Field expected the opioid marketing controversies to bring about not just tighter regulation, but “the pendulum [could] swing the other way” with impacts on the standard of care. While overprescribing of medications has led to addictions, as with opioids, “under treatment” has also been a problem, with cancer patients and others who need such powerful medications not getting it, he noted. “[Now], we are beginning to see doctors becoming much more gun shy about prescribing opioids, and we undoubtedly will see some patients who will be denied medication that they truly need. It’s that balance that’s so tough to strike.”

“There’s a thin line between trying to educate a doctor and trying to bribe a doctor….” –Robert Field

The federal government has already collected from Insys $5 million of the $225 million settlement, but it may be forced to return some of that. Bankruptcy rules include “a look-back period” of two to three months where payments made in that period could be clawed back, said Field. “The idea is they don’t want the bankrupt company to be favoring one creditor over another. So if the government gets some of its money today and the bankruptcy goes into effect a few weeks from now, they may have to pay back some of that money.”

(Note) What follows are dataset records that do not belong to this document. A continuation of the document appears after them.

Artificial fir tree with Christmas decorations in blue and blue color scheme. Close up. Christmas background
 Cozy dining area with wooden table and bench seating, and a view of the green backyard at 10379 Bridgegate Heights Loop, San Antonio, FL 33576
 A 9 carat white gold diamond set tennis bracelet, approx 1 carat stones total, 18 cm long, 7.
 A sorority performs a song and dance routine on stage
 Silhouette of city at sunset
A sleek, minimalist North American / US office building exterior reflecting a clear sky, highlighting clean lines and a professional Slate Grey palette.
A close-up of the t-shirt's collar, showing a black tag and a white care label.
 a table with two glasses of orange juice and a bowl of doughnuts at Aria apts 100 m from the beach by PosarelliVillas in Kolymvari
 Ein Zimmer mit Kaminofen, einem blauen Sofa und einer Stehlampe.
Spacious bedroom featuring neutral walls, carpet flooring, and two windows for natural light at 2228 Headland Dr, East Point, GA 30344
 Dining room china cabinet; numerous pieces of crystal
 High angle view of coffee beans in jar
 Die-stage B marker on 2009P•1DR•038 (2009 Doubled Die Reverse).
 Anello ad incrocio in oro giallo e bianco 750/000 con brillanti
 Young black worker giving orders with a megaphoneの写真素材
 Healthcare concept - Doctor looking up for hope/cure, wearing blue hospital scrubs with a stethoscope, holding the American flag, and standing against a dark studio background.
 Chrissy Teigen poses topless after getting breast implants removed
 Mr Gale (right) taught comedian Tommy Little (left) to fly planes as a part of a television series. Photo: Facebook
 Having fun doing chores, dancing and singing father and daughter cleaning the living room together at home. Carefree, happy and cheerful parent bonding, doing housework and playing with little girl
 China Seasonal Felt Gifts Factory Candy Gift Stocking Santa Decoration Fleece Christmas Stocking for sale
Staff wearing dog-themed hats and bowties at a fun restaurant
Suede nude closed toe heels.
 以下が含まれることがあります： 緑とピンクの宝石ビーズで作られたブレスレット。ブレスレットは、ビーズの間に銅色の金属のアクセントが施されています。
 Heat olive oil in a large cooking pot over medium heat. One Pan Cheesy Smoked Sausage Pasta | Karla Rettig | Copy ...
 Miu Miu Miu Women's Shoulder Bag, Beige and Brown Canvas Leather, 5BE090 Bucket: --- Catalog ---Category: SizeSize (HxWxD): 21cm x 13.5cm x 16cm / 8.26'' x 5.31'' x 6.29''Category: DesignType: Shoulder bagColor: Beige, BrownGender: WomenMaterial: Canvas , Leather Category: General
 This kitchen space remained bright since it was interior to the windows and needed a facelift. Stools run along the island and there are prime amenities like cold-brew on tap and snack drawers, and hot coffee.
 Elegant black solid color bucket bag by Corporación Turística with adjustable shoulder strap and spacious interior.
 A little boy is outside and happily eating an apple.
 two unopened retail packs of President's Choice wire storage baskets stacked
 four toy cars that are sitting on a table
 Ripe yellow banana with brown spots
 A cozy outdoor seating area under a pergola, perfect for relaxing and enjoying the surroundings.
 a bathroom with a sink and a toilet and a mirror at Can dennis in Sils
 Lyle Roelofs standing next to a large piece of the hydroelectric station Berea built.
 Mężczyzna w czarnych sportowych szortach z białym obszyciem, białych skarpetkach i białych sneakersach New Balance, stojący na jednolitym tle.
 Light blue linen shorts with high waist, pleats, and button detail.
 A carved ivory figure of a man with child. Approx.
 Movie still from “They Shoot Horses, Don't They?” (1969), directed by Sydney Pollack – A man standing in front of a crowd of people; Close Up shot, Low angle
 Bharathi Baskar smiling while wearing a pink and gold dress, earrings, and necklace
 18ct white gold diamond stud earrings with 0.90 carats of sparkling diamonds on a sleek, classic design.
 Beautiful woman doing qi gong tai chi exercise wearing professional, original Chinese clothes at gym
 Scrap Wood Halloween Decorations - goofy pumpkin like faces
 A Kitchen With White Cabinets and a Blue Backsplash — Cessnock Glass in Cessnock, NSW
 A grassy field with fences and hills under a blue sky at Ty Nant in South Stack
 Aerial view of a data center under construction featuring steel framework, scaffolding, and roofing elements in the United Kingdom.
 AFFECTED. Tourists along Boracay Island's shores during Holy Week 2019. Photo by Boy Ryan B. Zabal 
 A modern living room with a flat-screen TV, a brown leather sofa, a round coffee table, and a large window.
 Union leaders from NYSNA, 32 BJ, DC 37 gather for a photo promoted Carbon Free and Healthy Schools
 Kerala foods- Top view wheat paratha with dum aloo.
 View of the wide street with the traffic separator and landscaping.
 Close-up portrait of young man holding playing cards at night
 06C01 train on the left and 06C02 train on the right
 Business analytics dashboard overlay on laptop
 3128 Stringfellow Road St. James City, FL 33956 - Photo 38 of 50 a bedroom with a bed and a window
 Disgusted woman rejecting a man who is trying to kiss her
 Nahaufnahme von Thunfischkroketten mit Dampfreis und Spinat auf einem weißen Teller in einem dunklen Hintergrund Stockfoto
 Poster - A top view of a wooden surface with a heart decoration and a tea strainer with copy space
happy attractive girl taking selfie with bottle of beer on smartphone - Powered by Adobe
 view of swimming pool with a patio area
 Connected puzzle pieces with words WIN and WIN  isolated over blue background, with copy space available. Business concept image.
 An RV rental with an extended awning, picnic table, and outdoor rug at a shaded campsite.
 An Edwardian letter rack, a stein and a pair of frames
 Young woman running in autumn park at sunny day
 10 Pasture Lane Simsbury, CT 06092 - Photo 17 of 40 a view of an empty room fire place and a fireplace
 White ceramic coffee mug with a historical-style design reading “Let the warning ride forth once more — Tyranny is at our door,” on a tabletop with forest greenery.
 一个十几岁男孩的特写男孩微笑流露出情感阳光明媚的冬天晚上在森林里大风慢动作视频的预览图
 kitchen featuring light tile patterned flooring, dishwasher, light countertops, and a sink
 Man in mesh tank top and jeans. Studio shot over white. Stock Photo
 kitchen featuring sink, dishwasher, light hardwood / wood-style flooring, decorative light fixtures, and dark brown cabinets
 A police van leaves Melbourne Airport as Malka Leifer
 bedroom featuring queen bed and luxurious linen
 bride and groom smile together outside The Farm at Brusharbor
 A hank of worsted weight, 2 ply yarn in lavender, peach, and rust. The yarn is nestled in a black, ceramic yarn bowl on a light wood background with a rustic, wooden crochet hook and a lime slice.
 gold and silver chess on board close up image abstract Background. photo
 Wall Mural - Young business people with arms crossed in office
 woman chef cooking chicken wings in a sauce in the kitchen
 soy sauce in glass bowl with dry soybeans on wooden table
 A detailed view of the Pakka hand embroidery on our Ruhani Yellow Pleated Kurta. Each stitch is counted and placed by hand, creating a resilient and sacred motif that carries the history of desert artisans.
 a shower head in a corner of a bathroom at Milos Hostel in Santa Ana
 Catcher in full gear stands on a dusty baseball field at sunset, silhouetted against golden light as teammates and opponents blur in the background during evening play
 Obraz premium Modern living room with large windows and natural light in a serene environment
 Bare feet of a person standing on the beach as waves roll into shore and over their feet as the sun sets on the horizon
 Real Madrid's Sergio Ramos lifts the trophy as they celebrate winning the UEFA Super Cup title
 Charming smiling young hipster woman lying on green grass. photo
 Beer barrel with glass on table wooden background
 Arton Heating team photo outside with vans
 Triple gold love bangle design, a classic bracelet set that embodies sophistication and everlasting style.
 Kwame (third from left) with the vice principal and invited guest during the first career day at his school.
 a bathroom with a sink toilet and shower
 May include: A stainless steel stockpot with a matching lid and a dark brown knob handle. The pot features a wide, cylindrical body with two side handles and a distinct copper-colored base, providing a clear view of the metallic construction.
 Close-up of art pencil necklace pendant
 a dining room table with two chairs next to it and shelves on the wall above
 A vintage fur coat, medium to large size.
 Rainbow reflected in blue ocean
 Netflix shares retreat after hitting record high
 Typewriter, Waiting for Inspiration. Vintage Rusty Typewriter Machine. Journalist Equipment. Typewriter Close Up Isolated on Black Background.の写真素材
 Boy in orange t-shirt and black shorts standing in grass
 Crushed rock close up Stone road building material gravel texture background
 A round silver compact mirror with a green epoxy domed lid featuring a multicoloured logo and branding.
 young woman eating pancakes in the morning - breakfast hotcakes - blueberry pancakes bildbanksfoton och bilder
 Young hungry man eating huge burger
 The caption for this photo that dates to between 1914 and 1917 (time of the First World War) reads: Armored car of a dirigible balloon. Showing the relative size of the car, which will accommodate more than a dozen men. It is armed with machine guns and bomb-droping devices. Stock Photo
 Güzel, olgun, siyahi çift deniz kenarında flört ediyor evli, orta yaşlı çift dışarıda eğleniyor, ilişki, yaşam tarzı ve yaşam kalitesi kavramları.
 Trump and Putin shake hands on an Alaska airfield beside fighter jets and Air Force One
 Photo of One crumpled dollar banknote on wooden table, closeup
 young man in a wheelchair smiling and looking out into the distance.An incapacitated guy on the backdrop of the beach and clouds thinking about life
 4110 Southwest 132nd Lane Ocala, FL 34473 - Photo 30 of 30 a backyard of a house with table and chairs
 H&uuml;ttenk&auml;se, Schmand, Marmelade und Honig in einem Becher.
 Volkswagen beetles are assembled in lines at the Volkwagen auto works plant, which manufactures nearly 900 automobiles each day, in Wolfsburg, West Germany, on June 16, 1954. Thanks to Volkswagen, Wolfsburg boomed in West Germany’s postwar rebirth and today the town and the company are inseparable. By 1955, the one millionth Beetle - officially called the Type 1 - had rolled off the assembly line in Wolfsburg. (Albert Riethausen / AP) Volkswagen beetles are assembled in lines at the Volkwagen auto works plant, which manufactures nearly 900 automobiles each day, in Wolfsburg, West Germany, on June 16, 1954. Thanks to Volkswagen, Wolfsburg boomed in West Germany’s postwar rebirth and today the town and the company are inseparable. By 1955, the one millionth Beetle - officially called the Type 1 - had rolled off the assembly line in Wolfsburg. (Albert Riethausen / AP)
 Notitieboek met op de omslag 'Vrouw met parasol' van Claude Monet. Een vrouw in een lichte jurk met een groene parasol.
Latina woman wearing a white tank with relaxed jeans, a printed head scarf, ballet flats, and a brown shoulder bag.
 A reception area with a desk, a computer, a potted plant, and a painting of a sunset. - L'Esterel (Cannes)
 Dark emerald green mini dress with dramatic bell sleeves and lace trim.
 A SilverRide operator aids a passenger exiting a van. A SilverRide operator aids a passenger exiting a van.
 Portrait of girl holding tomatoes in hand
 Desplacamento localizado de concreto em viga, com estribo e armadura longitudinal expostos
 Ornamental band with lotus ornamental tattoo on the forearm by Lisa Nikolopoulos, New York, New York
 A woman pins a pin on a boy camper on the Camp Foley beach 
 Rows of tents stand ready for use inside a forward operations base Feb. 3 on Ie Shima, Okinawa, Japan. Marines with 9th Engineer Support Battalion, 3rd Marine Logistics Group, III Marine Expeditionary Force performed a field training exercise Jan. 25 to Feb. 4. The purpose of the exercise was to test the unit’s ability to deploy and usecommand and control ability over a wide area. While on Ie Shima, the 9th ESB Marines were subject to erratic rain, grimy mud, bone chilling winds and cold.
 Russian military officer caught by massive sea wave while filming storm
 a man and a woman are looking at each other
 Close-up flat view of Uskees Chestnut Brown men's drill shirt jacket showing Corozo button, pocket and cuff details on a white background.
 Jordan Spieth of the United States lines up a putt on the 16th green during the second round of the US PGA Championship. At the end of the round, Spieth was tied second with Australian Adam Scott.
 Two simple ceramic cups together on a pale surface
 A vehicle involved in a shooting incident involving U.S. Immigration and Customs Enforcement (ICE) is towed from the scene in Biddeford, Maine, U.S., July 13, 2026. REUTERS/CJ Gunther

Field recalled that in previous mass litigation cases, especially the asbestos cases in the mid-1970s and later, some of the big manufacturers declared bankruptcy because they faced claims in the multiple billions of dollars. “In that case they were able to set up [trust] funds for the asbestos victims, which I think is the best ultimate outcome [of the opioids cases],” he said. Similarly, after the tobacco litigation, a nationwide pool was set up and a “master settlement agreement” crafted in 1998, which provided money for each of the states, he recalled.

Currently, opioid litigation is underway in many states, and many of those cases are consolidated in Ohio and Oklahoma. “These litigations go on for years or even decades,” said Field. “We’re seeing a drama that’s gradually playing out, and the [Insys] bankruptcy is just one chapter.”